Two pillars of Eta Compute’s claim for neuromorphic computing consist of an event-driven, no-clock delay insensitive asynchronous logic (DIAL) architecture for its hardware and the company’s spiking neural network software.
Eta Compute (Westlake Village, Calif.) had already developed DIAL, which uses a novel handshake to wake up circuits resting at a very low power level. The system quickly turns on devices without the set-up and wait times usually required for synchronous circuits.
The key for startup’s course correction was adding more intelligence, in part through luring Nara Srinivasa away from Intel last fall. Srinivasa was senior principal engineer and chief scientist at Intel Labs. At Intel, Srinivasa was working to develop self-learning, neuromorphic architecture, seeking to tackle a broader class of AI problems. Last September when Srinivasa was still at Intel, Intel announced a neuromorphic artificial intelligence test chip named Loihi. Intel said the test chip was designed to mimic brain functions by absorbing data gained from its environment.
Srinivasa, now CTO of Eta Compute, said in a statement: “Our patented event driven processor architecture, DIAL, is combined with our fully customizable neuromorphic algorithms.” He said, “These will be the foundation of a diverse and wide-ranging set of applications that deliver machine intelligence to the network edge.”

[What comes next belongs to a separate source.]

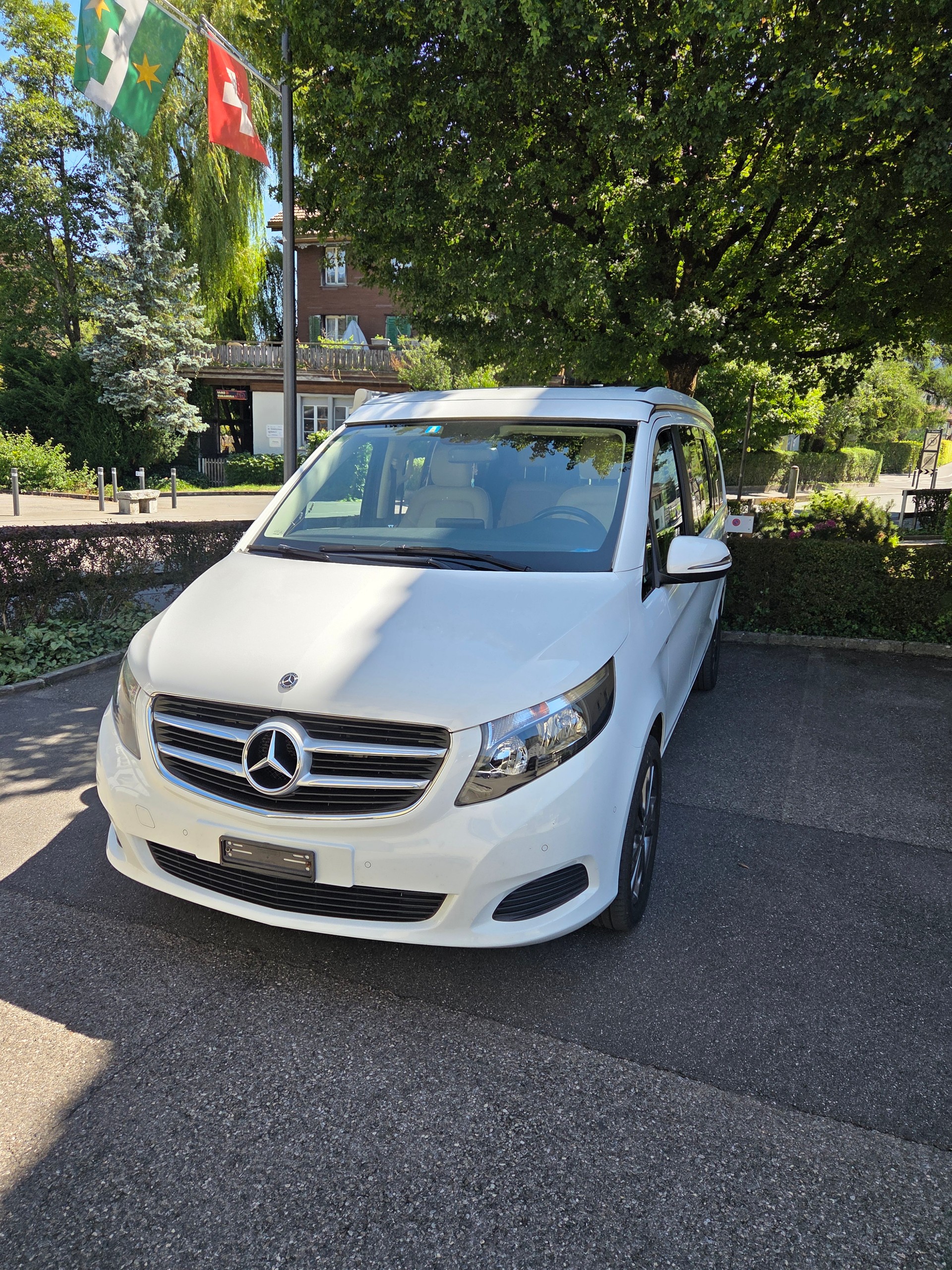 MERCEDES-BENZ 250 d 4matic-image-0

The concept of a computer that mimics the brain isn't new. But Intel’s Loihi AI chip should not be confused with Eta Comupte’s IP, because the startup is not offering exactly that. Eta Compute’s intention is to marry asynchronous, no-clock, event-driving DIAL hardware architecture with spiking neural model-based algorithms developed by Srinvasa and his team, explained Washkewicz.
Linley Gwennap, principal analyst at the Linley Group, is skeptical. Admitting that he hasn’t talked to Eta, he deemed its announcement “confusing.”